ANCHORAGE, Alaska — Department of the Interior Assistant Secretary for Indian Affairs Bryan Newland wrapped up a weeklong tour of Alaska where he met Tribal leaders and community members to discuss investments from President Biden’s Bipartisan Infrastructure Law for Tribal climate resilience and the Department of the Interior’s ongoing efforts to support Alaska Native communities. Assistant Secretary Newland’s visit follows Secretary Haaland’s recent trip to Alaska where she highlighted ongoing efforts to support sustainable economies across the state.
Throughout the visit, Assistant Secretary Newland highlighted the Law’s $13 billion investment in Tribal communities across America, including $216 million for climate resilience programs that will support collaborative and community-led planning, relocation expenses, infrastructure investments and other forms of assistance to Tribal communities; and $250 million for the construction, repair, improvement and maintenance of irrigation and power systems, safety of dams, water sanitation, and other facilities.
Assistant Secretary Newland began his Alaska trip on Saturday, April 23, with a meeting with the Ketchikan Indian Community and the Organized Village of Saxman. On Sunday, April 24, he met with the Metlakatla Indian Community. These meetings focused on the protection of subsistence rights, improving the land into trust process for Alaska Native Tribes, and public safety and infrastructure improvements.
On Tuesday, April 26, Assistant Secretary Newland met with the Arctic Yukon-Kuskokwim Tribal Consortium to discuss subsistence policies. Earlier this year, the Bureau of Indian Affairs completed nation-to-nation consultations with federally recognized Tribes, Alaska Native Corporations and Tribal Consortia regarding how to improve the Federal Subsistence Management Program. Later in the day, Assistant Secretary Newland traveled to the Native Village of Napakiak where he witnessed the immediate challenges Tribes are facing from the climate crisis. The Department of the Interior recently announced $46 million in funding from the Bipartisan Infrastructure Law for Tribal communities to address the unique impacts of climate change in Indigenous communities.

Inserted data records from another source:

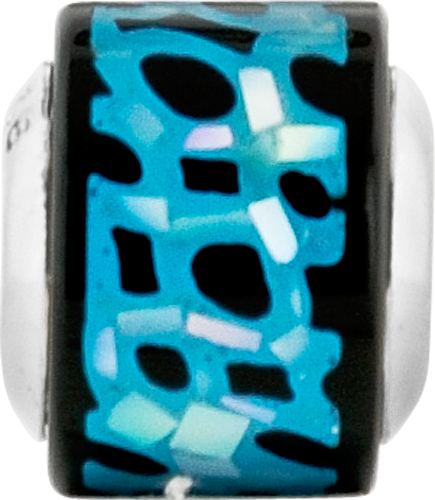 Sterling Silver Mother of Pearl Mosaic Bead with Blue-Black Accents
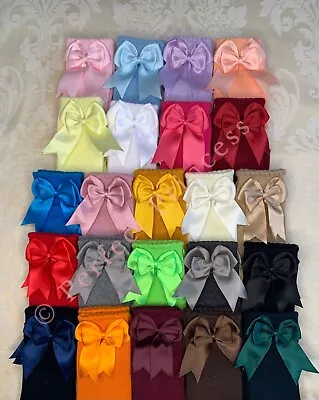 £4.95 • Buy PERFECT PRINCESS Spanish Double Bow Knee High Socks. Baby/Girls/School Uniform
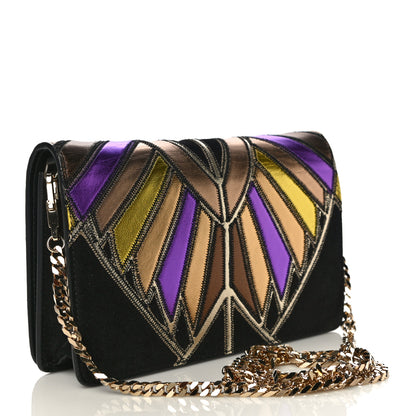 Givenchy Suede Calfskin Egyptian Print Mini Pandora Chain Wallet Multicolor 2 of 16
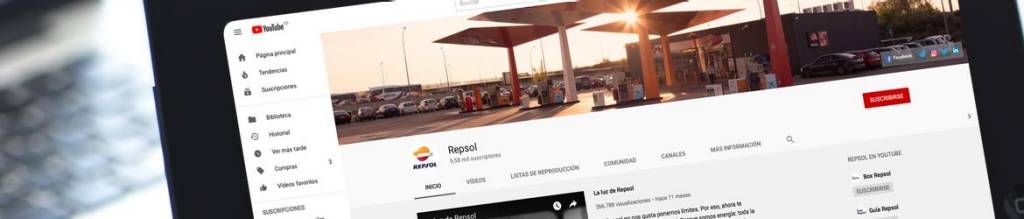 Tablet screen showing Repsol&rsquo;s YouTube channel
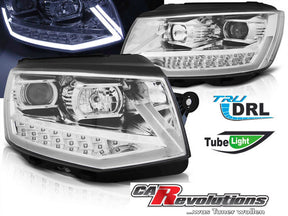 Chrom LED Scheinwerfer mit Tube Light Tagfahrlicht für VW T6 2015-2019, DRL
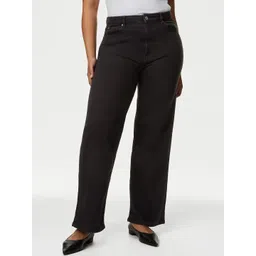 Marks & Spencer Women Wide Leg High-Rise Clean Look Stretchable Jeans-picture-28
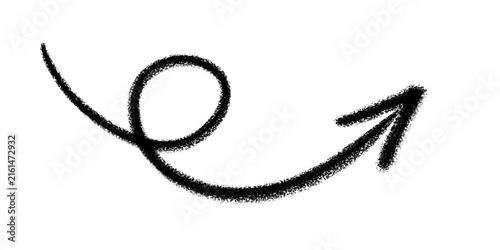 Hand drawn black arrow doodle with a loop, isolated on white background.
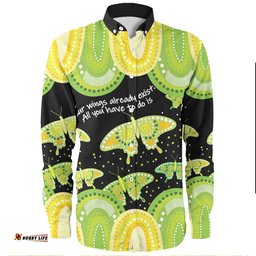 Australia Long Sleeve Button Shirt - Aboriginal Green Butterflies Art Inspired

On Wednesday, April 27, Assistant Secretary Newland traveled to Bethel where he met with leaders of the Association of Village Council Presidents, the Kuskokwim River Inter-Tribal Fish Commission, Orutsararmiut Native Council, Bethel Native Corporation and Yuut Elitnaurviat to discuss issues of public safety, housing, salmon conservation and subsistence policies. He later traveled to St. Mary’s to meet with leaders and community members from the Algaaciq Native Village (St. Mary's), Yupiit of Andreafski and Asa'carsarmiut Tribe (Mountain Village), Pitka’s Point Traditional Council and Iqugmiut Traditional Council. The meeting in St. Mary’s focused primarily on how Interior can support Tribes to address the devastating impacts of the Yukon-Kuskokwim Delta salmon crash on traditional subsistence practices.

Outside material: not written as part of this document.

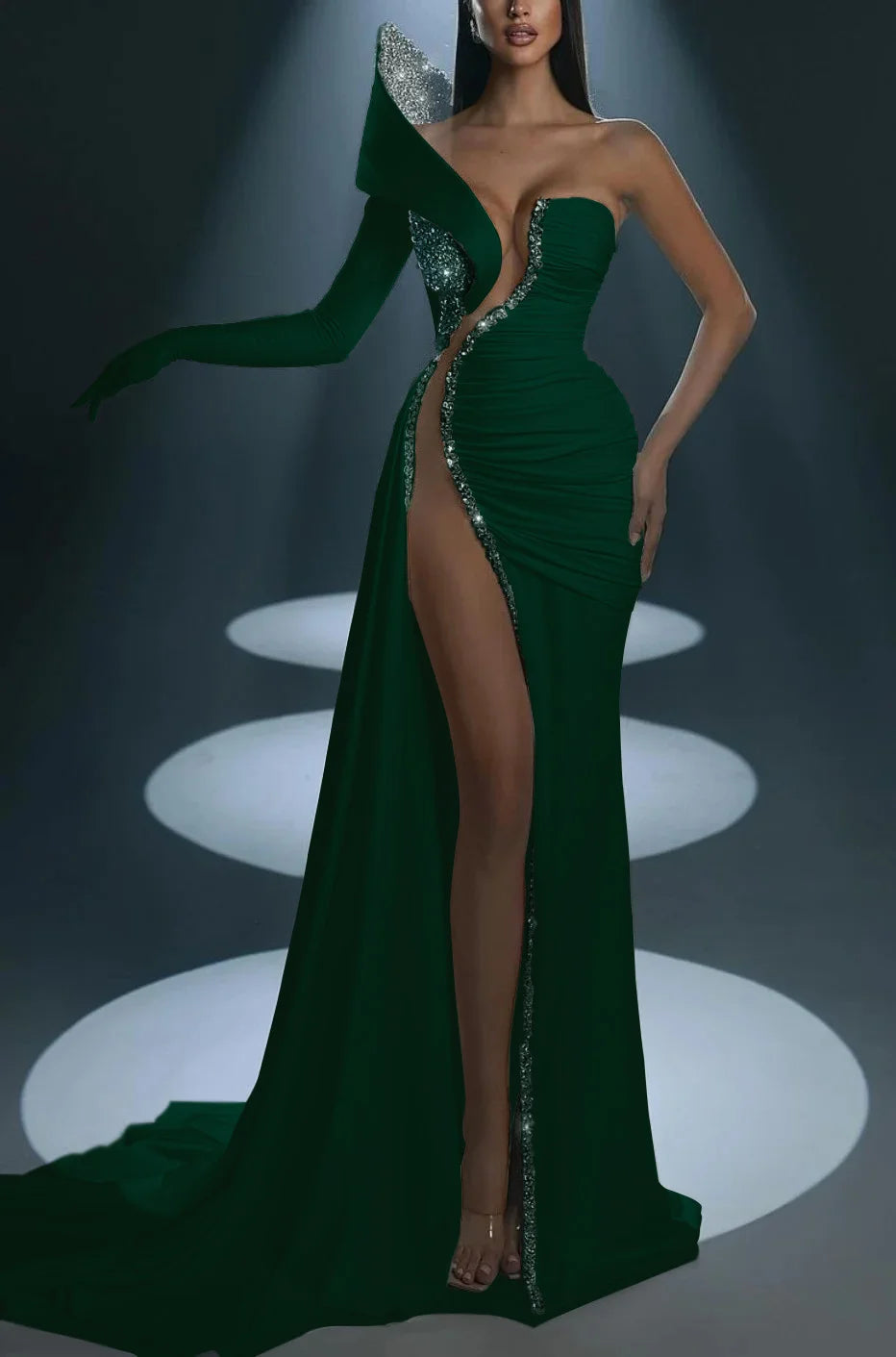 White Formal Dress With Gloves Long Mermaid One Shoulder With High Slit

On Thursday, April 28, Assistant Secretary Newland traveled to Kivalina to meet with Tribal leadership and tour a road project jointly funded by the Bureau of Indian Affairs and the Alaska Department of Transportation. Situated on a barrier reef island between the Kivalina River and the Chukchi Sea, Kivalina is threatened by the impacts of the climate crisis. In October 2020, construction of the 8-mile gravel evacuation road from the Village of Kivalina to higher ground known as Kisimigiiqtuq Hill was completed. The road allowed Kivalina to relocate its school to Kisimigiiqtuq Hill to ensure the safety of students and provide for an evacuation site in the event of a severe storm or ocean surge. Assistant Secretary Newland also toured the school construction site. Construction of the school is expected to be complete in October 2022.
Assistant Secretary Newland wrapped up his Alaska trip on Friday, April 29, with a visit to Kotzebue where he met with the representatives of Maniilaq Association, Northwest Arctic Borough, Native Village of Kotzebue and NANA Corporation. Assistant Secretary Newland also visited the Native Village of Kotzebue’s Nikaitchuat IIisavgviat Inupiak Immersion Pre-School. Later in the day, he traveled to Fairbanks to meet with the Tanana Chiefs Conference and Fairbanks Native Association. These meetings in Kotzebue and Fairbanks focused on improving public safety and law enforcement, community and social services, tribal court infrastructure, culturally centered education, climate change impacts and subsistence policies.
Newland’s visit followed one by Secretary of the Interior Deb Haaland the previous week, where she underscored the importance of critical infrastructure investments and funding opportunities that will help ensure Alaskan communities have healthy lands and waters, continued access to the outdoors and the foundation for future jobs and economic opportunity.